- Born: 23 July 1972 (age 53) Bonn, North Rhine-Westphalia West Germany
- Noble family: von Nayhauss (by birth) von Kalckreuth (by marriage)
- Spouse: Count Alexander von Kalckreuth
- Issue: Count Maximilian von Kalckreuth Count Louis Stanislaus von Kalckreuth
- Father: Count Mainhardt von Nayhauß
- Mother: Sabine Beierlein
- Occupation: television presenter, blogger, socialite

= Tamara Gräfin von Nayhauß =

German television presenter

Countess Tamara von Nayhauss (Tamara Gräfin von Nayhauß) (born 23 July 1972) is a German television presenter, blogger, and socialite.

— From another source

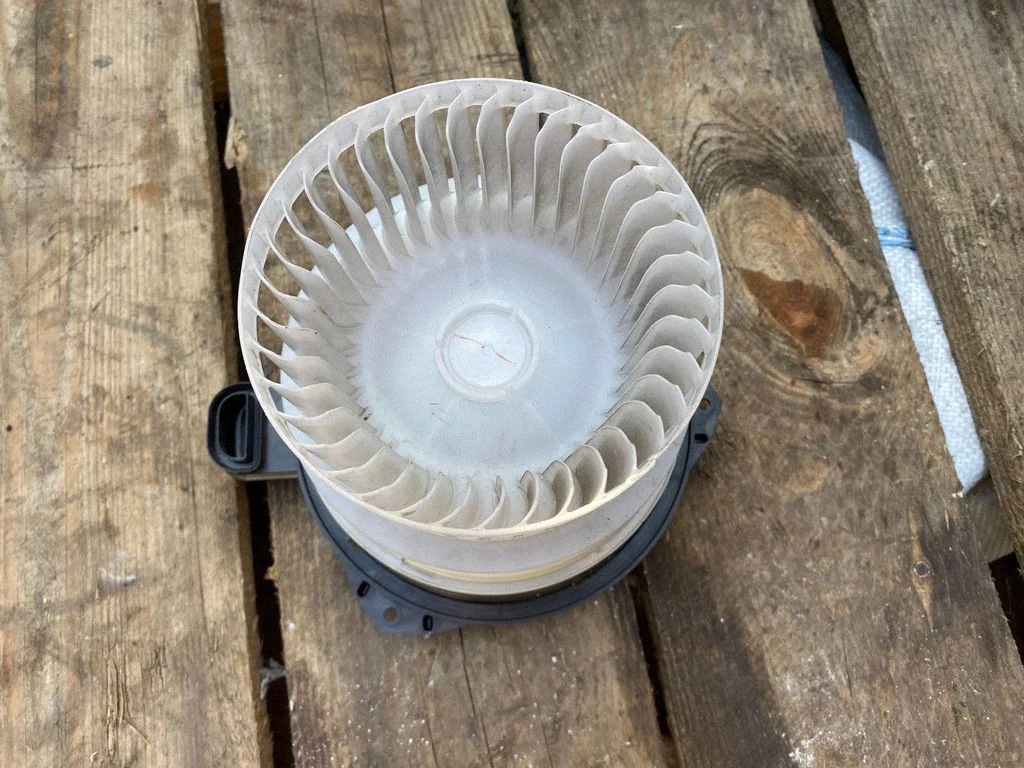 Krāsniņas ventilators/pūtējs 5272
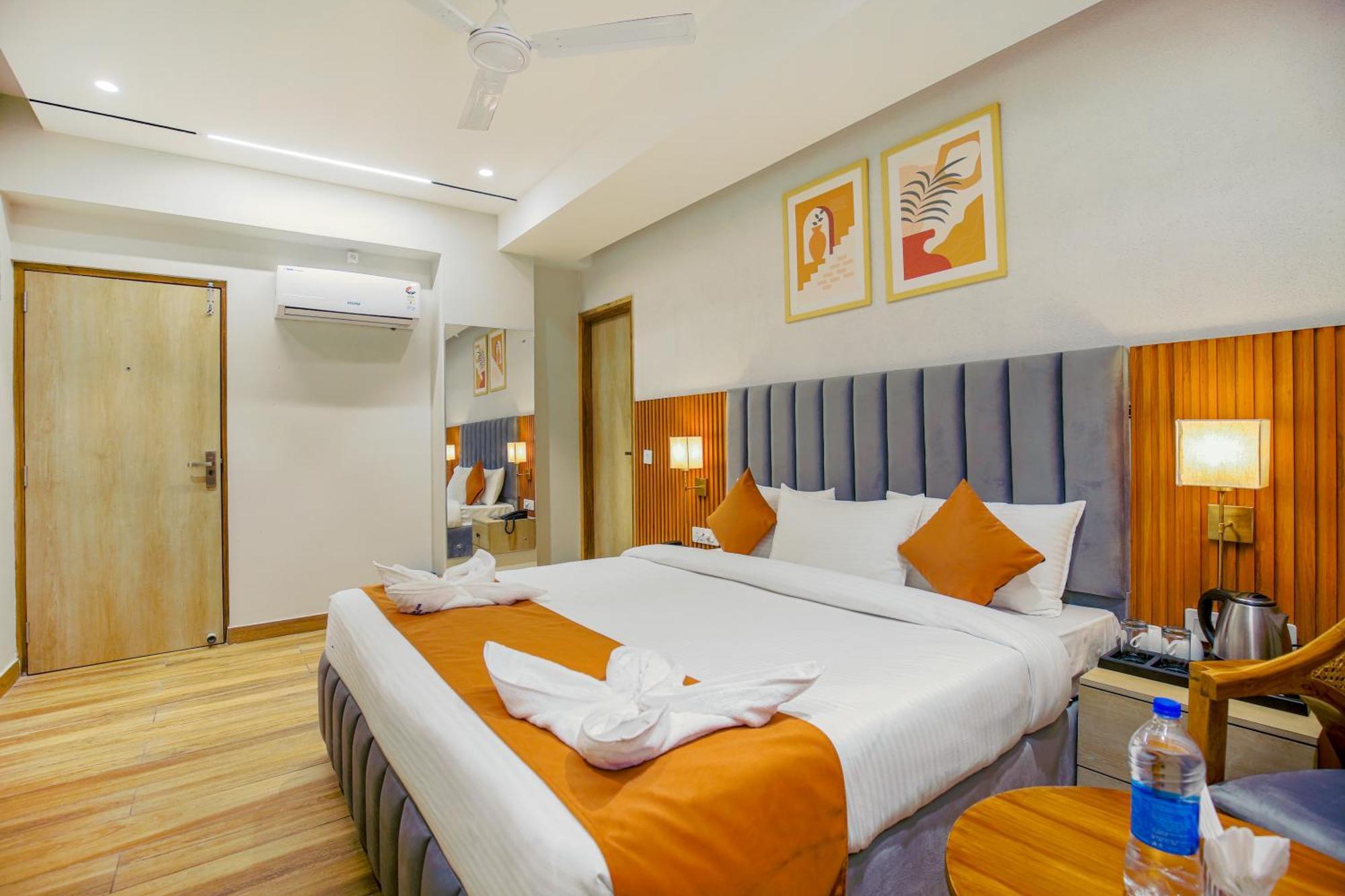 Hotel West Inn Premium Kharar Exteriér fotografie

== Early life and education ==
Von Nayhauss was born on 23 July 1972 in Bonn to Count Mainhardt von Nayhauß-Cormons (b. 1926) and Sabine Beierlein (b. 1942). She is a member of the House of Nayhauß, an ancient noble family in Germany. She studied at the Pädagogium Otto Kühne School in Bonn until 1993. In 1994 she moved to Paris to study art history and French at the University of Paris.

== Career ==
Von Nayhauss began her television career in 1995 as a trainee at ProSieben. From 1996 until 2002 she worked as a reporter and editor for SAM, a celebrity news show. In 2002 she became a host and presenter on the German television channel RTL. She has worked as a presenter for Life! The Desire to Live, Formel Exclusiv, Germany Seeks A Superstar, and Abenteuer & Reisen. She also had guest roles on the 2004 television series Hinter Gittern - The Women's Prison and the 2006 German television movie Daddy and Mama. Since 2006 she has produced and hosted the show Hallo Deutschland. From 2007 to 2008 she hosted Deluxe - All Fun, a luxury and lifestyle show.

In December 2016, von Nayhauss launched a fashion and lifestyle blog called Comtesse Express.

== Personal life ==
In 2005 she married Count Alexander von Kalckreuth (b. 1972), an attorney, in a Catholic ceremony at the Merseburg Cathedral. They have two children.